The anonymous images feature the eyes of two of the oldest residents of the town of Pouzin, France. They are printed on triangular banners measuring 17 ft x 28 ft each, and face outward from the bridge connecting the town, which today lies on either side of the Rhone river.
The eyes look upstream and downstream, asking whose bodies represent us in public spaces and why larger-than-life billboards selling products and services occupy spaces that could be used to shape a collective history.
The images were hung on a riveted steel bridge constructed in 1961 that measures 292 meters long and weights 2000 tons. This structure is a functional artery connecting together two different French départements. The town of Pouzin itself was largely destroyed during World War II and subsequently rebuilt as a working-class community (ville ouvrière). The loss and of life and property in a site that serves as a strategic gateway to the Ardèche region is today rarely visible within the town itself.
Photoreceptors was an ephemeral intervention that intended to represent the human dimension of an industrial landscape where sources of electricity and transportation are far more dominant that individual, living, bodies.
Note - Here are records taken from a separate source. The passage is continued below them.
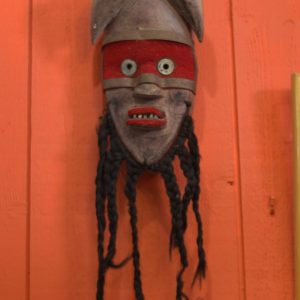 Diomande Dan mask, Ivory coast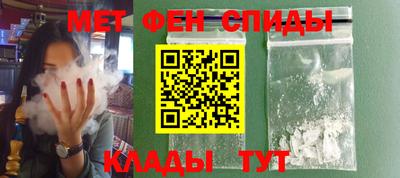 прущие грибы Будённовск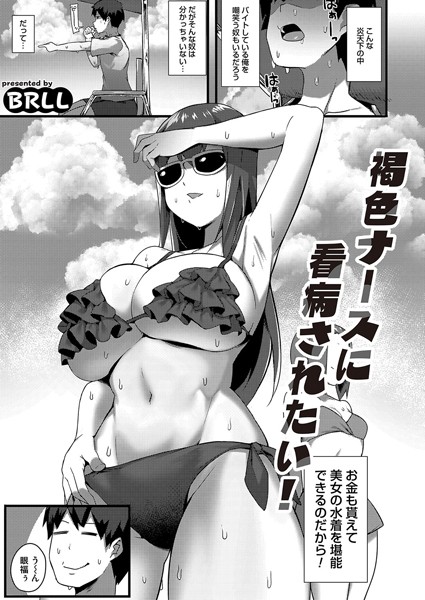 褐色ナースに看病されたい！（単話）｜BRLL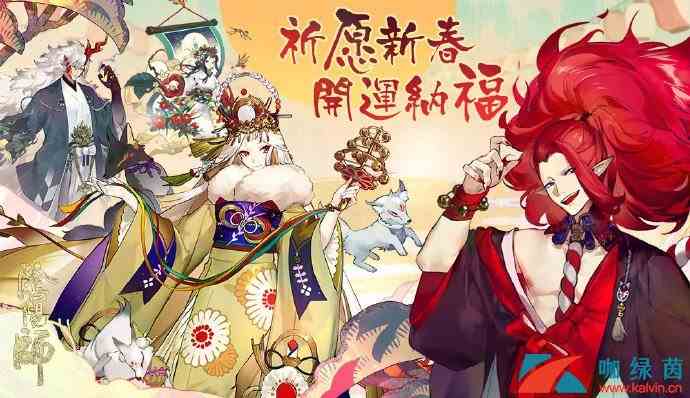 《阴阳师》1月周目御魂自选活动介绍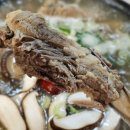 수 갈비탕 이미지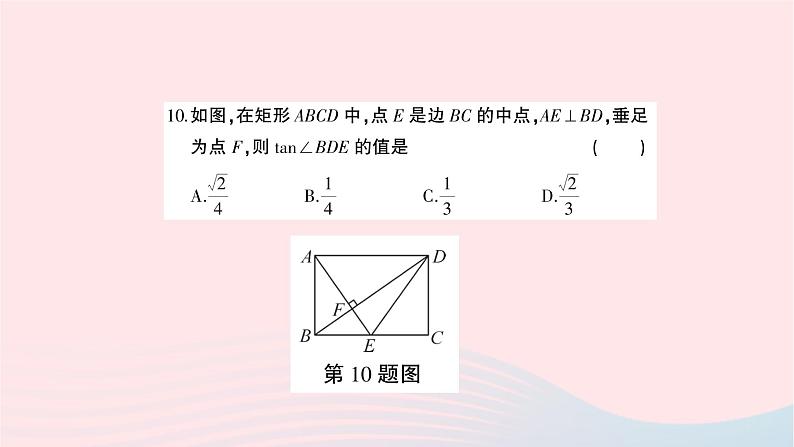 2023九年级数学上册第4章锐角三角函数综合训练作业课件新版湘教版08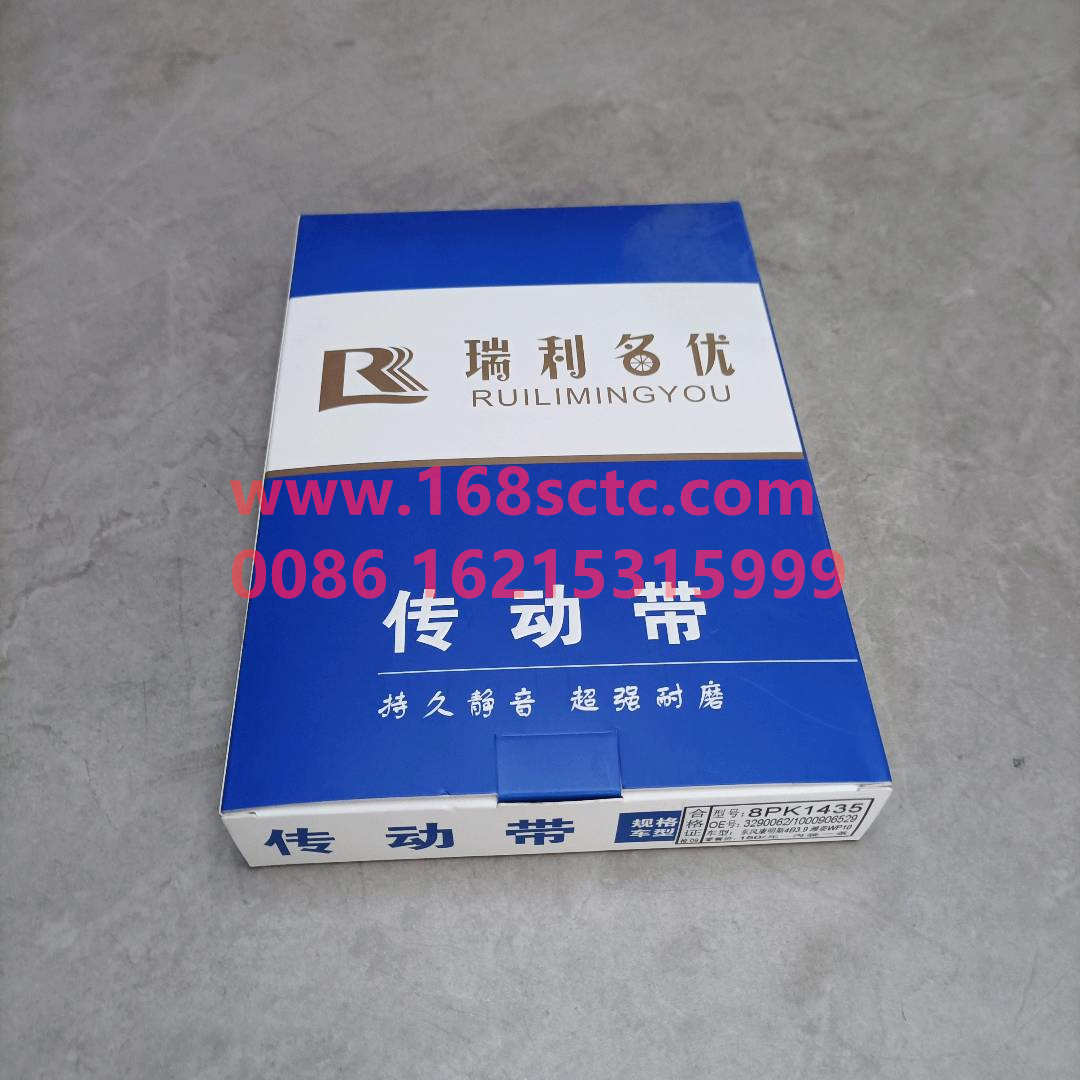 DCEC-DCECC3288779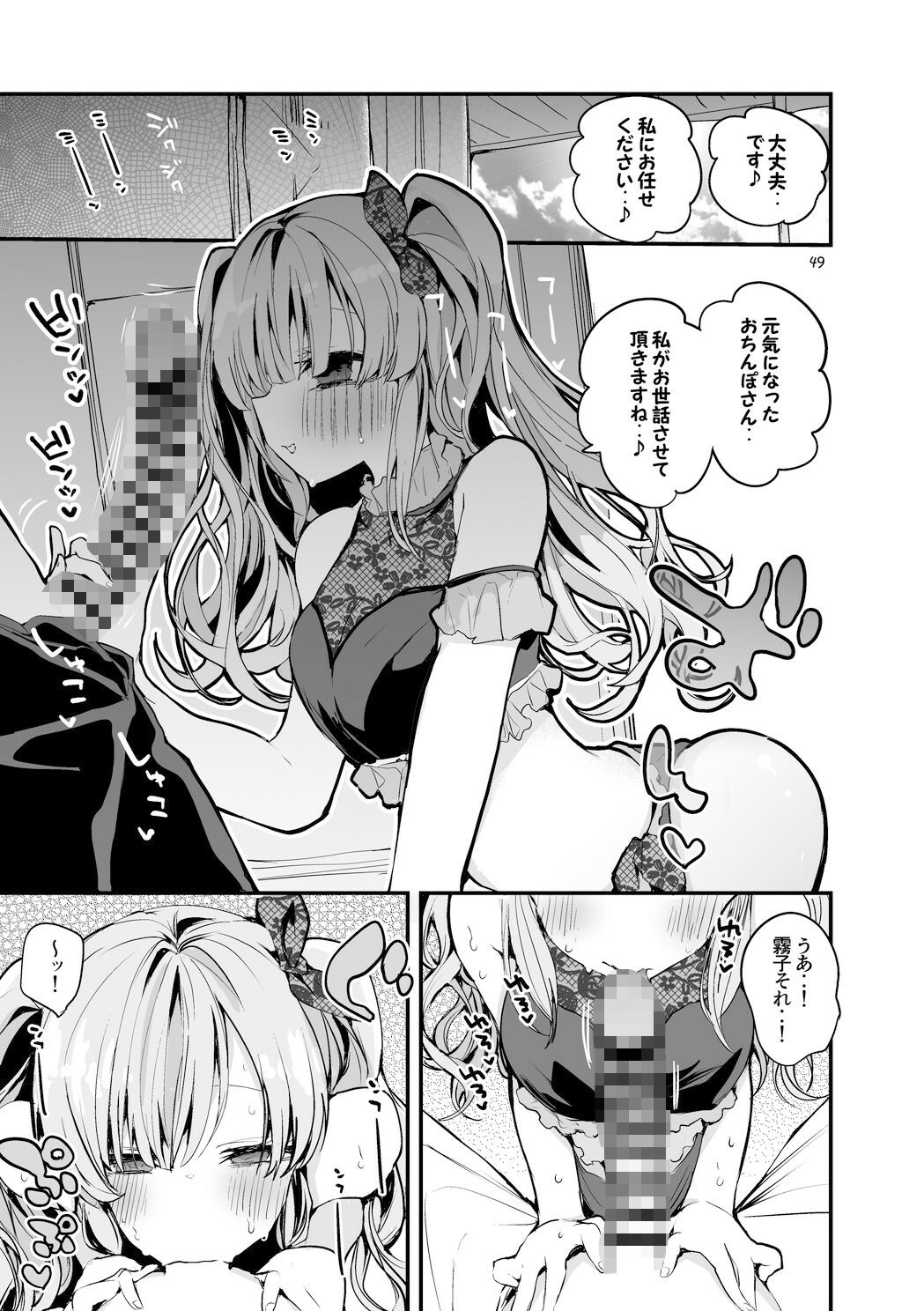 シャニえろまとめ本 サンプル8ページ目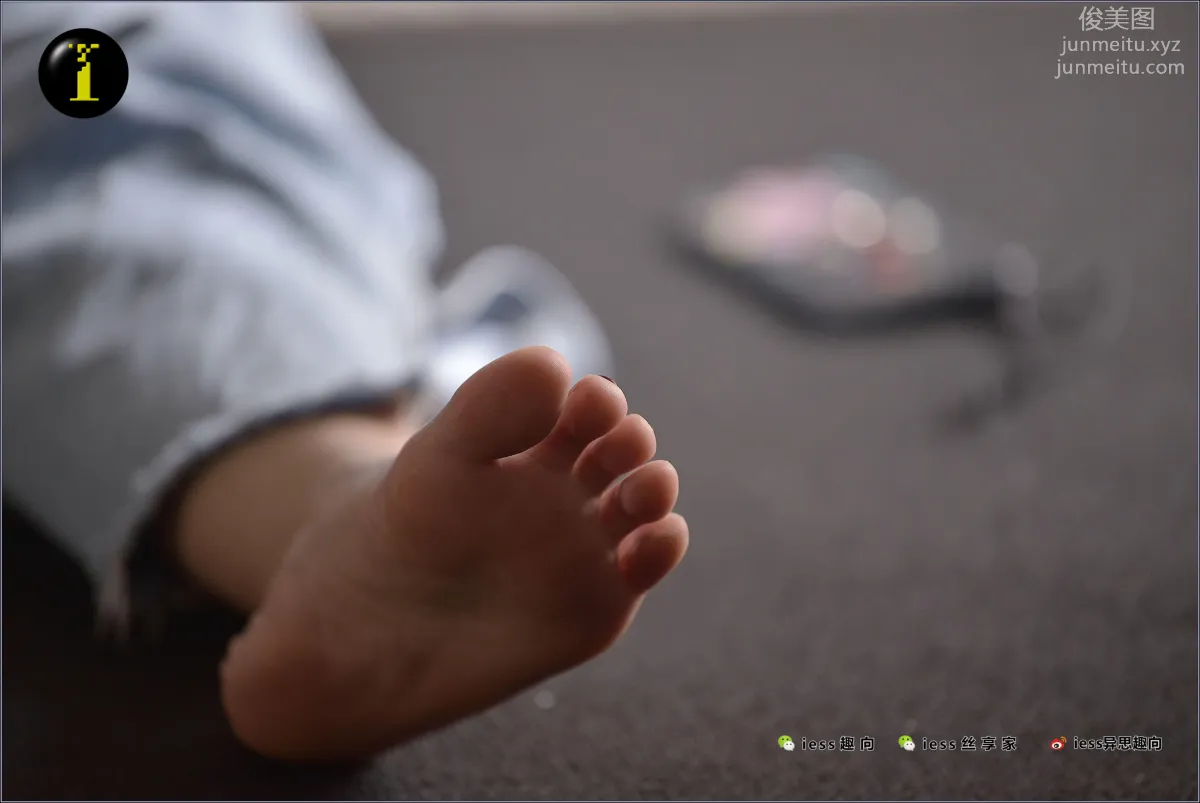 [IESS] Pu Hui Ji 073 Fan Meimei, Painting Toenails photo 31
The individuals photographed lived in the town’s retirement home and agreed to participate in the projects. Images of subjects’ eyes were cropped and printed on banners designed to fit into the bridge’s triangular trusses. The frame reinforced the shapes of the eyes and echoed the popular symbol of the all-seeing Eye of Providence, an eye often surrounded by rays of light and usually enclosed by a triangle. The mysterious symbol appears on the original Declaration of the Rights of Man and of the Citizen and on the reverse of the Great Seal of the United States, used to authenticate certain documents issued by the U.S. federal government, and represents the eye of God watching over mankind. Here, elderly local project participants take the place of the religious deity and stare out along a river that has flown in the same manner, day in and day out, from the time of their birth, to the time of their deaths. The eyes have a wistful, direct, and haunting quality; their regard does not affirm any particular vision of how mankind should live but rather meditates on the current shape of the landscape and the space it creates for human life.